▶ Goal of the exercise
Only the lines from the one with "Cover image for Long Island Beaches" through the end of the material are wanted, copied exactly and with the pictures left out.
□ □ □ □ □ □ □
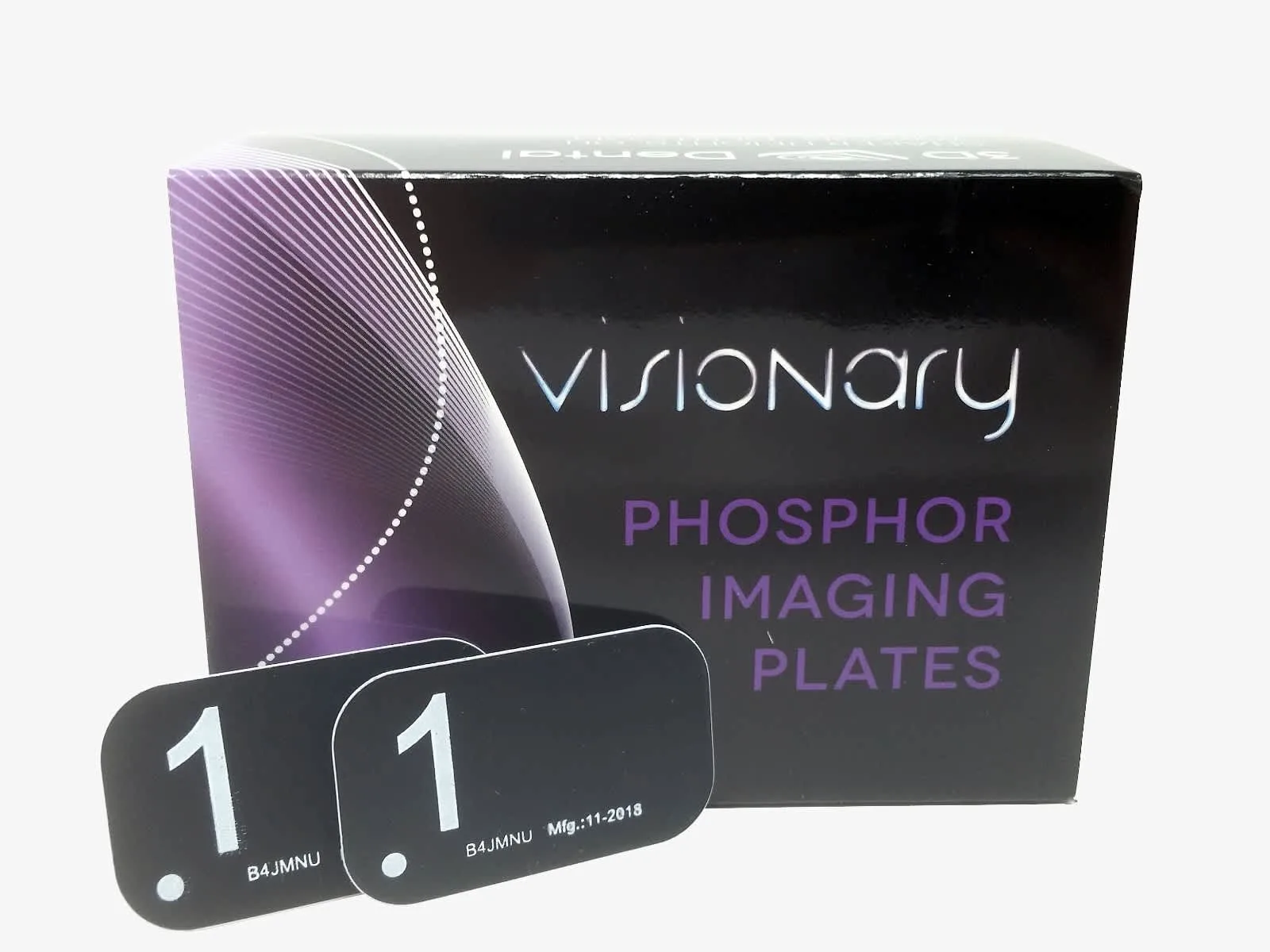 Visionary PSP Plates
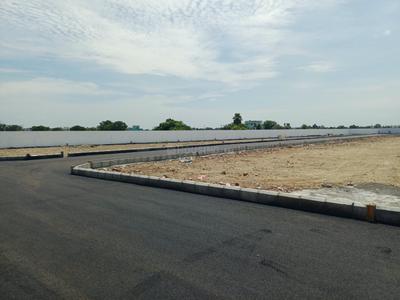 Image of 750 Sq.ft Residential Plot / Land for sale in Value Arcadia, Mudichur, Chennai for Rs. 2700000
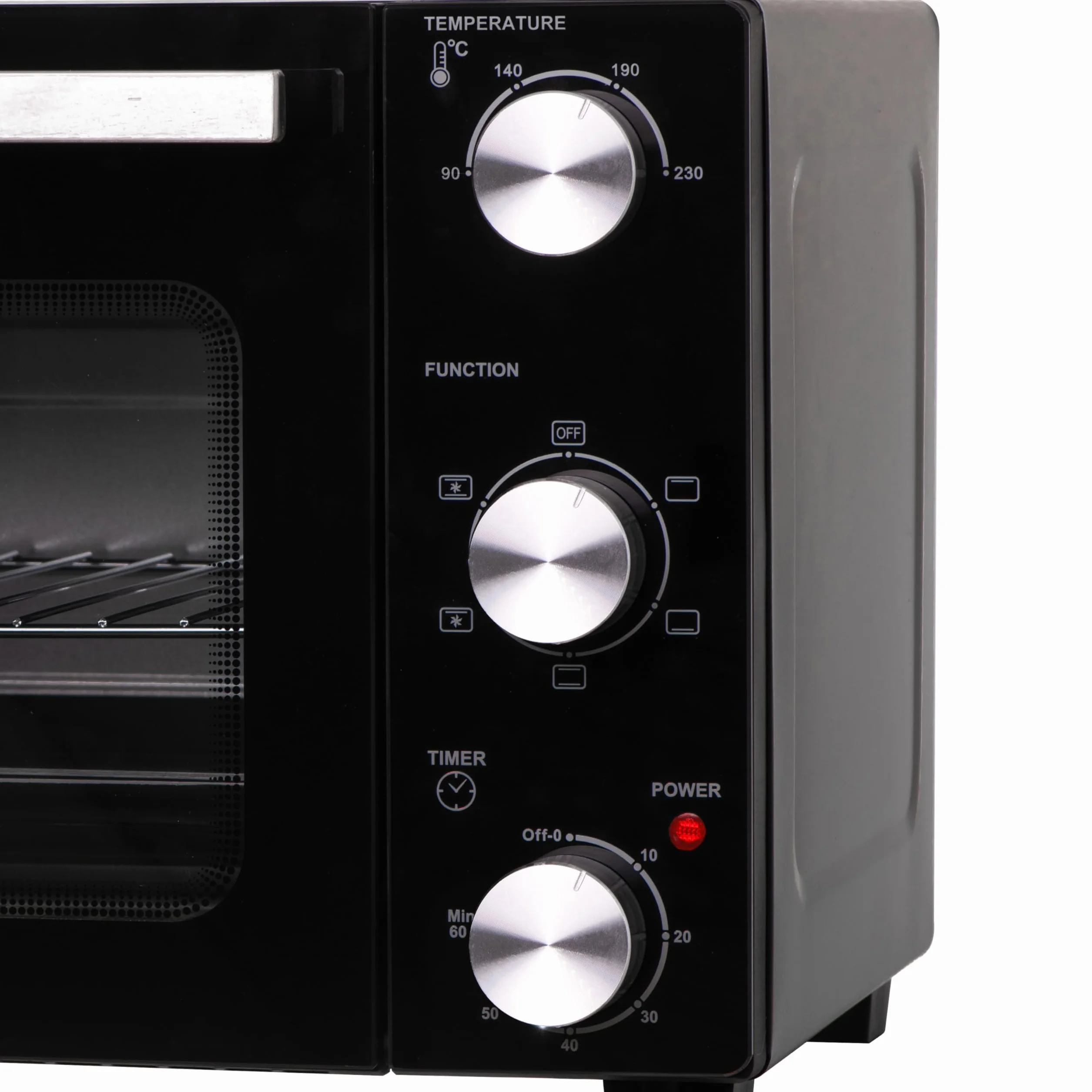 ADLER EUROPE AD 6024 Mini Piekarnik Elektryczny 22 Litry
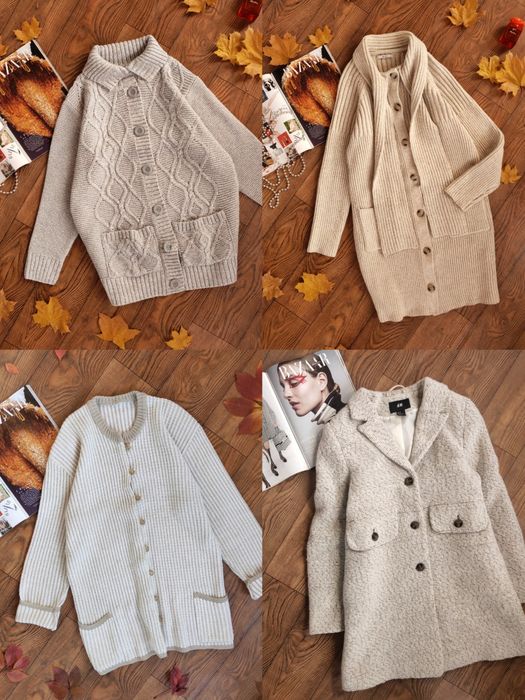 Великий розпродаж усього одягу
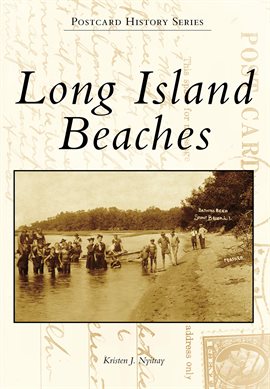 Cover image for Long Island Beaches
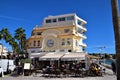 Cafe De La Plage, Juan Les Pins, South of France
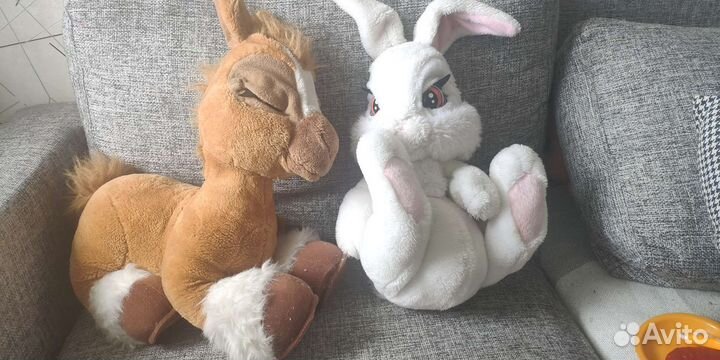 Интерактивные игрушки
□ □ □ □ □ □ □
▶ Completed exercise
 Cover image for Long Island Beaches
 Cafe De La Plage, Juan Les Pins, South of France
 Интерактивные игрушки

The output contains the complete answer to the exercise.